*Exercise aim*
What you give back from the listing below should be an exact copy of the lines from the one with "Сочный рецепт рыбных" down to the one with "בית מלון כפרי Radhe Palace Morbi", and it should contain no pictures.

*Data*

• • • • • • •

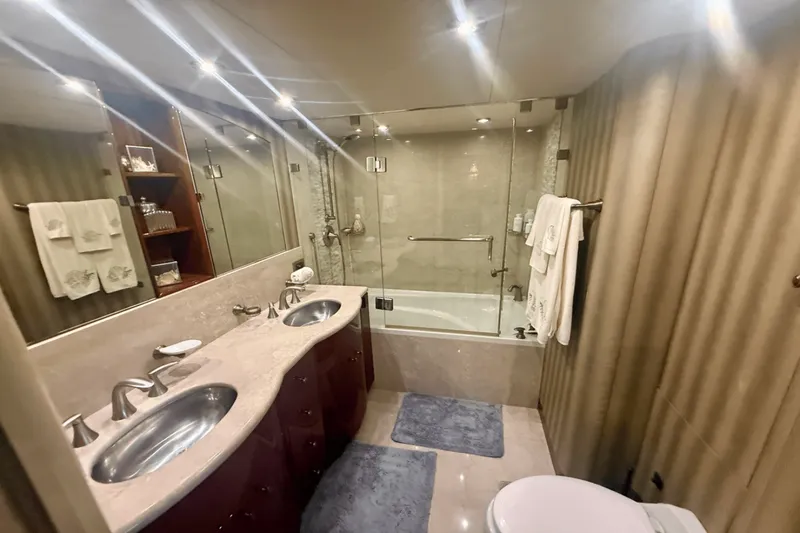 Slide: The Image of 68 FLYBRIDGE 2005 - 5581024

• • • • • • •

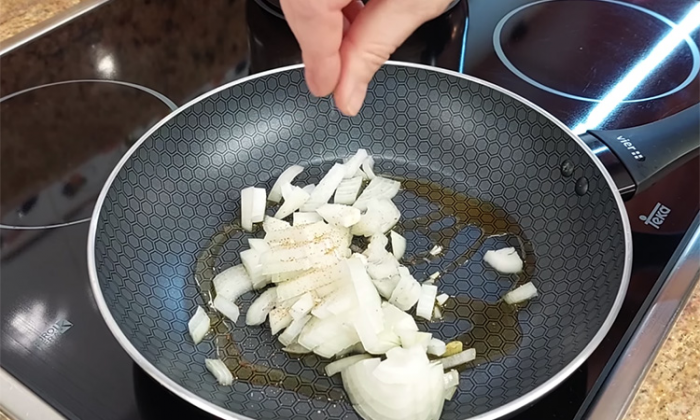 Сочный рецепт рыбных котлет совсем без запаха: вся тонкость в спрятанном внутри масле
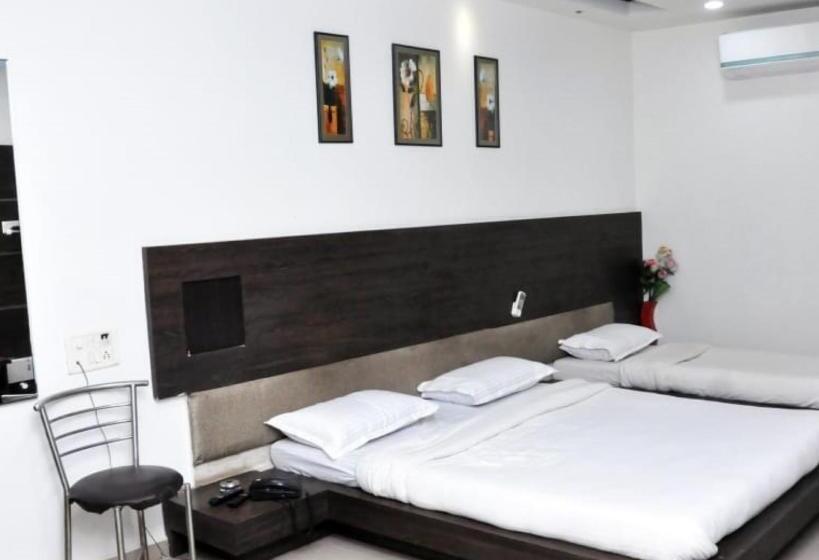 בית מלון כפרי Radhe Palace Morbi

• • • • • • •

*Exercise result*
 Сочный рецепт рыбных котлет совсем без запаха: вся тонкость в спрятанном внутри масле
 בית מלון כפרי Radhe Palace Morbi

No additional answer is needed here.